Hay un adagio que reza: “Vienen los vientos del Este; vienen los vientos del Oeste”. La persona ecuánime prefiere lo agradable pero cuando surge lo desagradable, mantiene su ánimo presto y sereno y no añade sufrimiento al sufrimiento ni se atormenta. Sabe que todo no puede controlarlo y que lo hay que aprender es a controlar la actitud serena ante lo desagradable y los inconvenientes inevitables. Es una persona ecuánime la que mantiene la mente firme ante lo grato e ingrato, la ganancia y la pérdida, el triunfo y la derrota, la amistad y la enemistad, el amor y el desamor, el encuentro y el desencuentro.

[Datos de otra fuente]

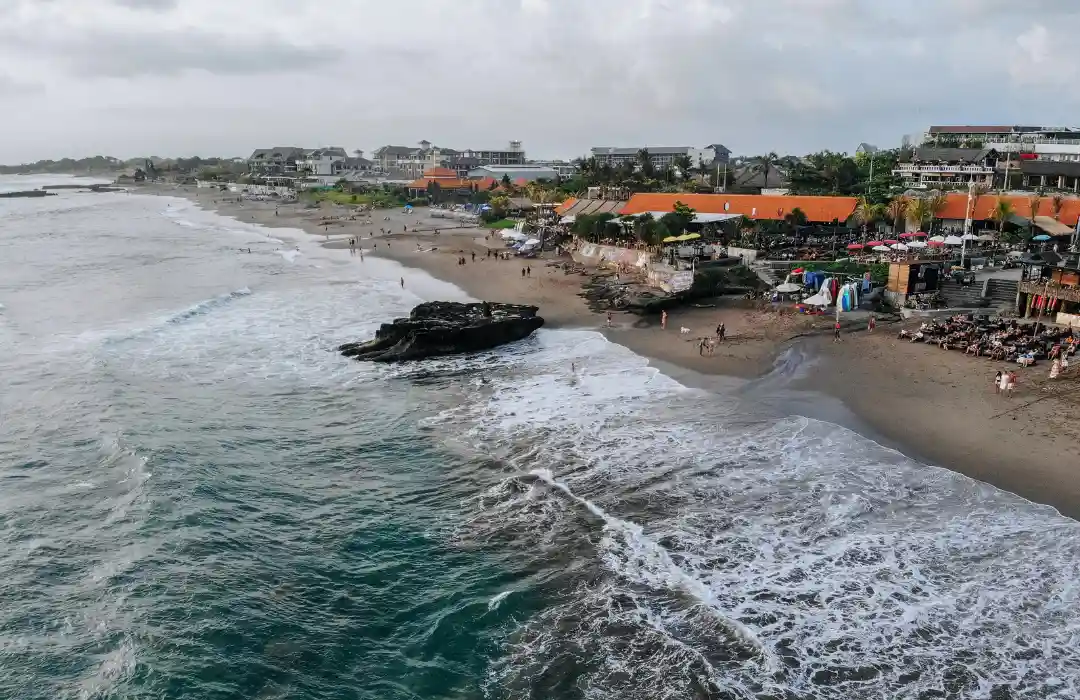 Canggu – A Vibrant Beachside Escape for Active Couples
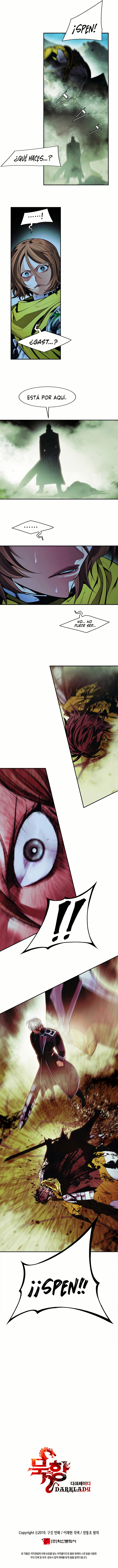 Dark Lady Capitulo 206 página 11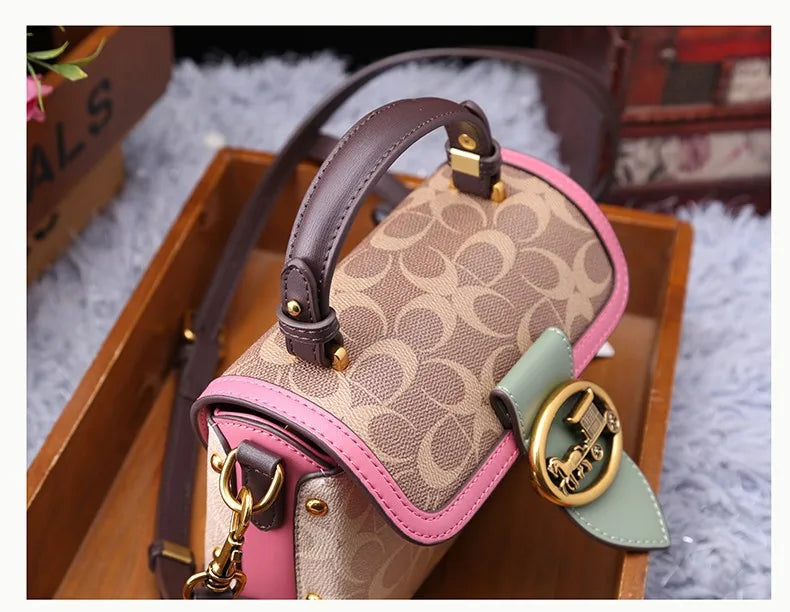 New minimalist and fashionable small handbag - SalmanStore 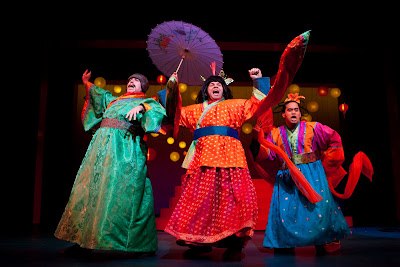 Disney’s Mulan, Jr., at Children’s Theatre Company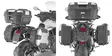 Givi Pannier Holder Triumph Tiger 900 (2024) - Duell MP varaosat ja tarvikkeet - 102999 - 1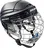 Bauer 5100 Combo hokejová helma, L modrá
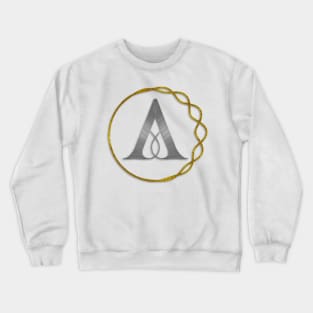 Astra Lumina Crewneck Sweatshirt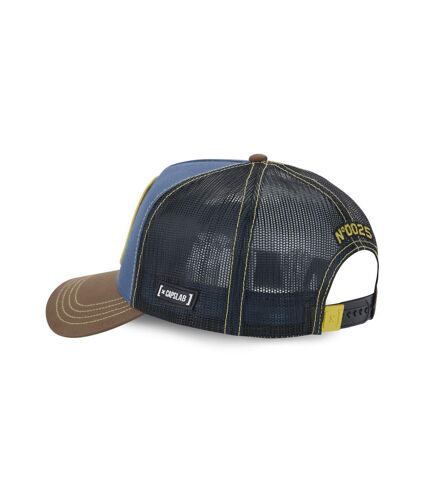 Casquette trucker avec filet Pokémon Pikachu Capslab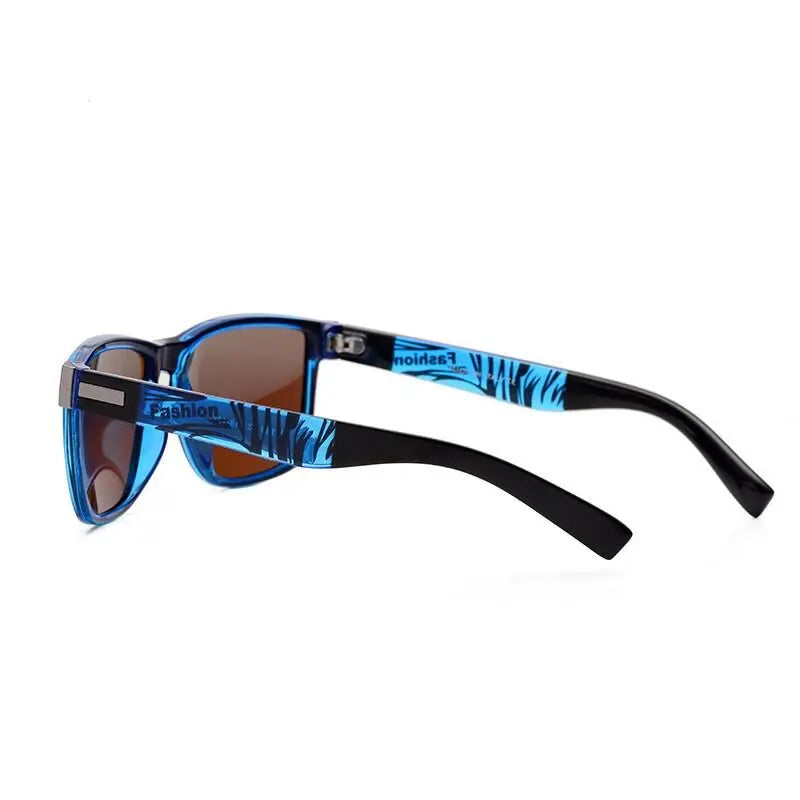 Rectangular Full Rim Prescription Glasses 5180 — view 8 | Rx Spectacle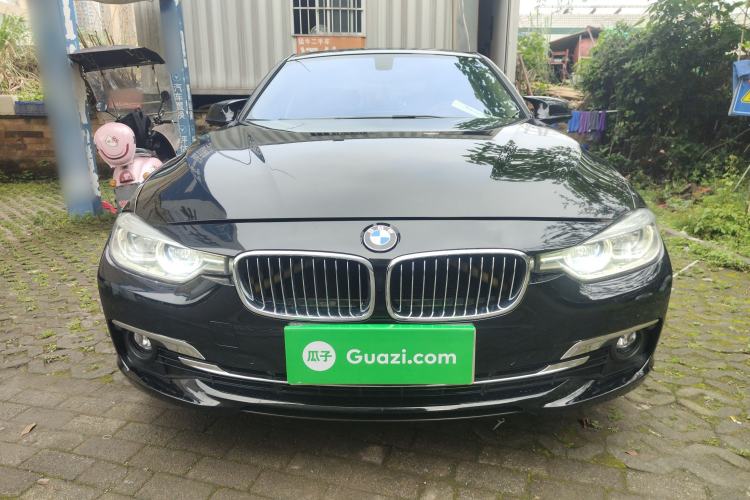 Used BMW 3 Series 2018 320Li Leading Luxury Package Front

Como todo es mudable y cambia, a pesar de ello mantiene su equilibrio mental; como todo es transitorio y la vida está colmada de vicisitudes (alternancias) y todo está sometido a la ley de las dualidades (halago-insulto, etcétera), mantiene su ánimo armónico a pesar de todo ello. Pero la ecuanimidad nunca es desinterés, impasibilidad, indiferencia o apatía, bien al contrario. La persona ecuánime vive todo intensamente, pero no se aferra al disfrute ni crea odio ante lo desagradable, sabiendo que porque hay un lado hay el otro.

Aprender a soltar

La ecuanimidad reporta calma, vitalidad, equilibrada sensibilidad y acción correcta. La persona se libera de reacciones desmesuradas y también de desorbitadas tendencias de apego y aborrecimiento.
La ecuanimidad hay que trabajarla mediante la práctica de la meditación y el discernimiento correcto. ¿De dónde surge? De la visión clara y penetrativa, o sea de la lucidez. Cuando uno tiene un entendimiento correcto y comprende profundamente que todo está sometido a la impermanencia, brota una actitud de mayor calma y ecuanimidad. La persona aprende a vivirlo todo intensamente pero sin tanto afán de posesión, sabiendo que todo, dentro y fuera de uno, es transitorio y que hay que aprender a soltar, como incluso tendremos que soltar algún día nuestro cuerpo.

Los yoguis, desde hace milenios, han valorado siempre extraodinariamente la ecuanimidad. Todas las técnicas del yoga, incluso las del hatha-yoga, ayudan a desarrollar esta actitud de equilibrio tan provechosa para la vida cotidiana, donde todo resulta contingente. El yoga, con razón, siempre ha sido asociado a las cualidades de sosiego, equilibrio, paz interior, lucidez y, por tanto, genuina ecuanimidad. El verdadero yogui, libre de las redes de la ignorancia, ve las cosas como son y mantiene su centro aunque todo a su alrededor sea un tornado.